Switching these APIs to async

Yes, I would expect there to be both sync and async APIs, precisely for the sort of reasons you are mentioning.
Of course, the former would basically need to insist on there being no interleaving still, so would still have the issue. That's true of form 3) as well, since we'd have to return back to run vfu_run_ctx() for the reply anyway.

It's possible the sync version could read then re-queue any intermediate messages, perhaps, but there's risks there in the cases of quiesce, migration, unmap, and so on.

mnissler-rivos · 2023-06-24T05:01:34Z

It's possible the sync version could read then re-queue any intermediate messages, perhaps, but there's risks there in the cases of quiesce, migration, unmap, and so on.
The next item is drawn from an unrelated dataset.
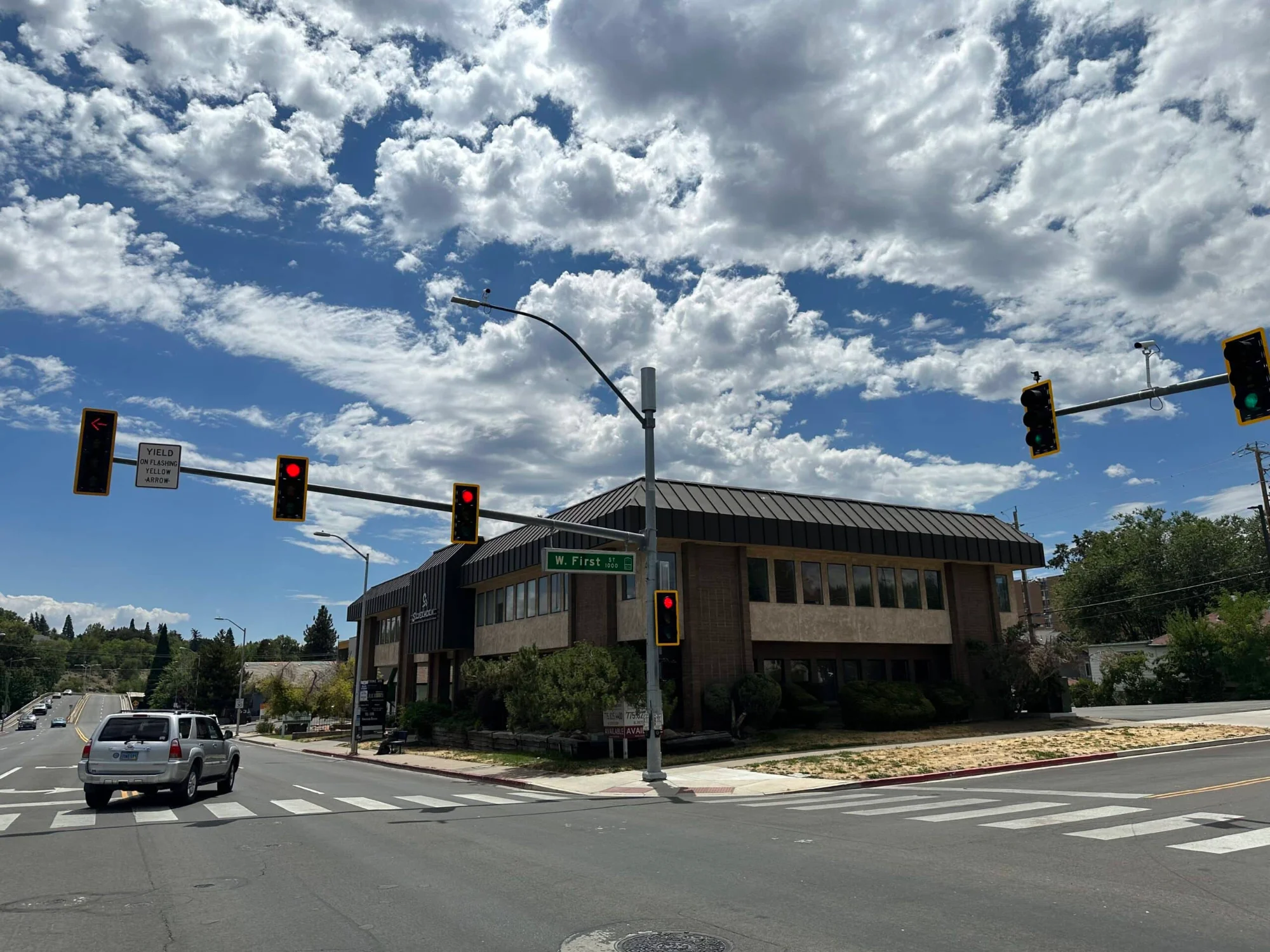 Photo of the existing office building at the corner of Keystone Avenue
Plus, it's pretty heavy-weight since at least in theory it needs to queue up an unbounded number of messages of arbitrary sizes. It works though, it's approach (1) in my post above, and I have a hack that I'm currently running with.

It seems like we're all in agreement that we should have async DMA (in addition to sync) at the libvfio-user API level. Then the open question is whether we do the queuing approach, or we introduce separate socket(s) for the server->client direction.

Trying to summarize pros/cons (please call out anything I have missed):

queuing:

(+) no protocol changes required
(+) conceptually cleaner: single communication channel
(-) need to allocate unpredictable amounts of memory to hold queued messages
(-) vfio-user implementations are forcibly async with the need to match replies to commands

separate socket(s):

(+) can process any message as it's read from the socket, when handling sync DMA other commands stay on the main socket, natural back pressure to client.
(+) simplified implementations are possible that handle the sockets using send-request-read-reply loops (and can achieve async by using threads). judging from what's out there, this style is popular, see for example https://github.com/rust-vmm/vfio-user/blob/main/src/lib.rs
(-) protocol change

As is probably obvious by know, I'm leaning towards separate socket(s), mostly because I think it's simpler and makes vfio-user easier to implement, but I can totally relate to the single-socket solution feeling conceptually cleaner. In the end, I don't really feel strongly though, just hoping to reach closure so we can move forward.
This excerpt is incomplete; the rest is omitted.